'There was too much verbal diarrhoea about the baggy cap … it was a bit too over the top for me'
He has parted with it to raise money for bushfire relief but the legendary Shane Warne doesn't miss his Baggy Green one bit, reiterating that the prized Australian Test cap evokes 'verbal diarrhoea' among its admirers and he can never be one of them.
Warne said he loved playing for his country and it didn't matter whether he did that wearing the Baggy Green or a floppy hat.
"I always believed that you didn't have to wear the Baggy Green cap to say how much you loved playing cricket for Australia," the iconic spinner said on Triple M, a Melbourne-based radio station.

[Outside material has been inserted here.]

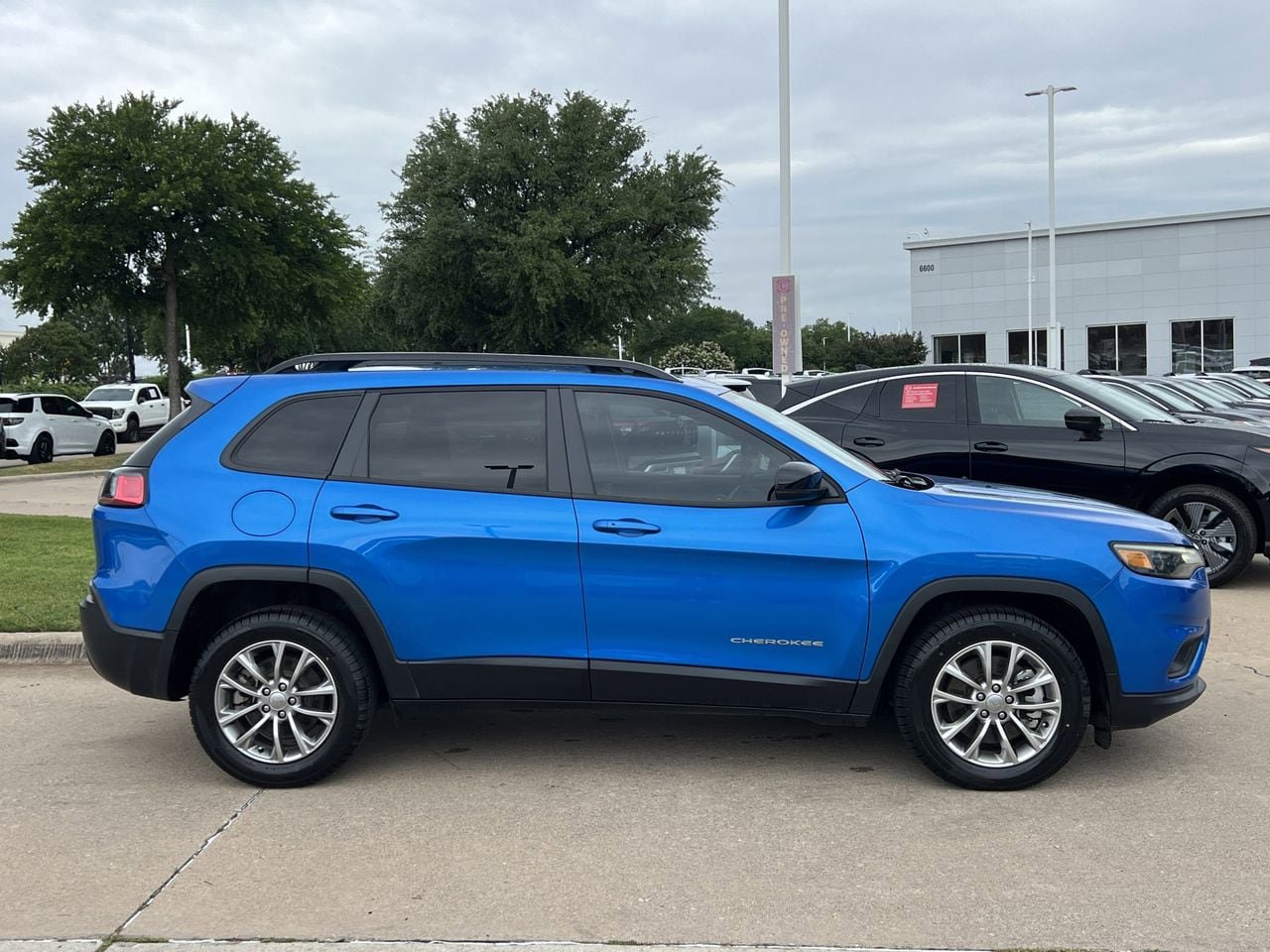 Used 2022 Jeep Cherokee Latitude Lux FWD image 3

"I loved playing cricket for Australia, and I didn't need to wear that cap or have that verbal diarrhoea about it, I just enjoyed playing cricket for Australia," he said.

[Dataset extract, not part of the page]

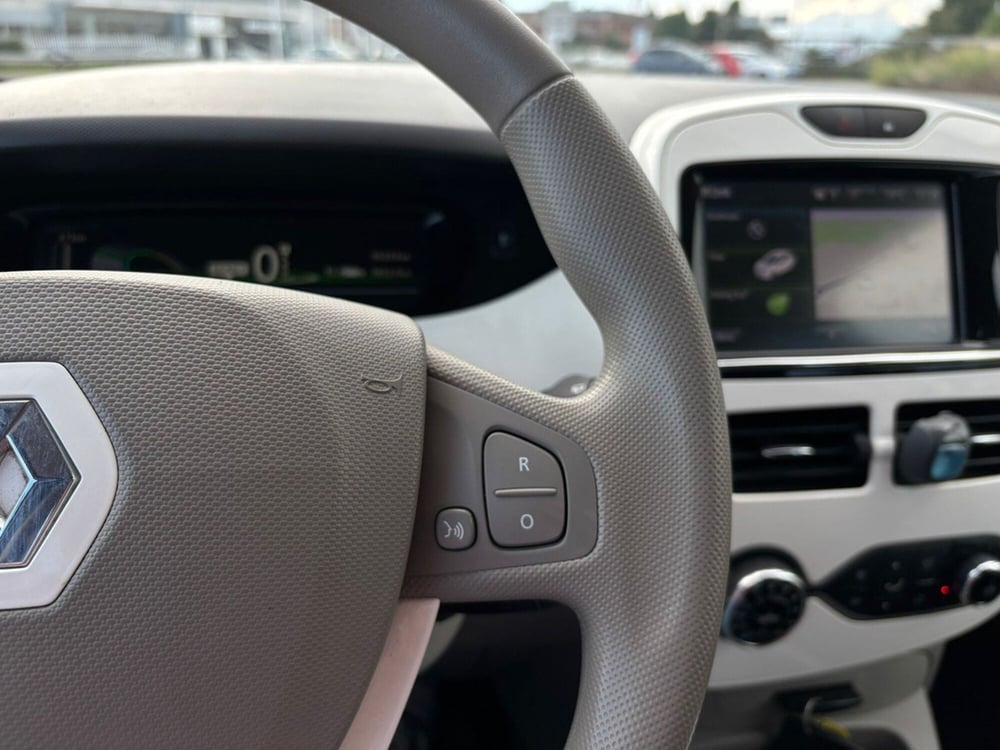 Renault Zoe usata a Pavia (13)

Warne recently auctioned his Baggy Green for bushfire relief efforts.
"I always felt that if I wore a white floppy hat or wore my Baggy Green cap it meant exactly the same, I was playing for Australia," the 50-year-old said.
Australian cricket greats have spoken about the importance of the Baggy Green in Amazon Prime's documentary The Test.

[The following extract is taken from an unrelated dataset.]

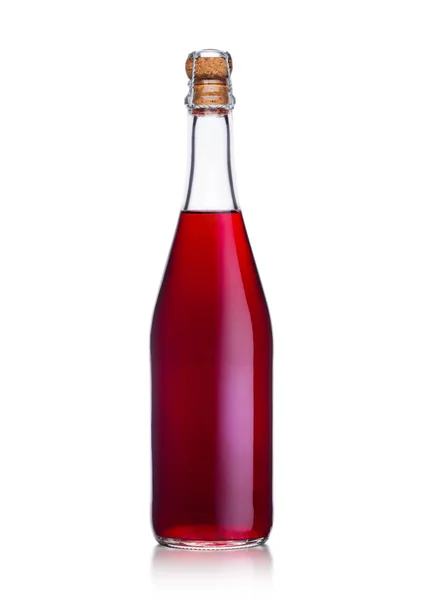 Garrafa de vinho tinto caseiro com cortiça sobre branco — Fotografia de Stock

However, Warne slammed the reverence, which has been common to generations of Australian cricketers.
"There was too much verbal diarrhoea about the baggy cap … it was a bit too over the top for me," Warne said.
"The stuff that they go on about, the fabric of the Baggy Green and all this stuff that they go on about, I don't sign in and buy into that."
Warne had earlier criticised former Australia skipper Steve Waugh after he asked the players to wear the Baggy Green for the first hour of a Test match.